Tuesday, June 28, 2005
BUDDHA IMAGE WILL NOT BE SOLD TO ONLINE GAMING ENTERPRISE, BRADY VOWS
Yesterday as I was eating lunch, during a meditative lull in my ruminations I turned and looked out the door to check the garden (I'd earlier seen a solo scout-monkey nonchalantly strolling the roofridge of the house across the road, covertly ogling my reddening tomatoes) when my eye was caught by Buddha waving at me from within the chestnut tree - the tree that is even now sending out its ivory catkins and blessing the air with chestnut perfume.
I had to blink to see if it was maybe my aging eyes, or a seldom overactive religious imagination, but no, it was Buddha alright, perfectly framed in the deck railing, Buddha as depicted in the ancient way in the dark grotto, right down to the soul patch. I'd recognize him anywhere, and though I certainly wouldn't expect to see him in a grilled cheese sandwich or a highway oil slick or anything - like some decorum-deficient icons I know - he was perfectly at home amidst the moss on the side of the flowering chestnut tree.
This cannot but be a good omen, I felt, before getting the camera; perhaps the monkeys will leave me more of my tomatoes and plums this year? Or perhaps the graceful wave of that five-fingered lichen hand was assurance of other good fortune pending for us all, like a sudden administration change in my home country. Or the wise one might be sagely saying: “Don't get your hopes up.”
Closer up, Buddha was found to consist of an impressive blend of lichen, bark, moss and illumination, but truth resides as much in the distant view as in the near. Thank god Buddha wasn't one of those miracle-wielding gurus, so there won't be any reverent mobs climbing the mountain to trample my garden while clutching freshly bought lottery tickets.

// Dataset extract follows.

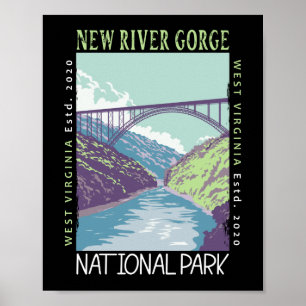 New River Gorge Nationalpark Vintag erschüttert Poster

Despite numerous suggestions, the tree will not be offered on eBay; and when said online gaming enterprise calls and offers me 50,000 dollars or so for just that section of the trunk to put in their redeemer museum alongside the grilled cheese and French toast, I shall tell them that Buddha is not for sale.
Nature will be nature, though, so I suspect that when the delayed seasonal rains finally come pouring down the side of that tree, we may well be favored with the apparition of Jimi Hendrix, another of Buddha's many forms.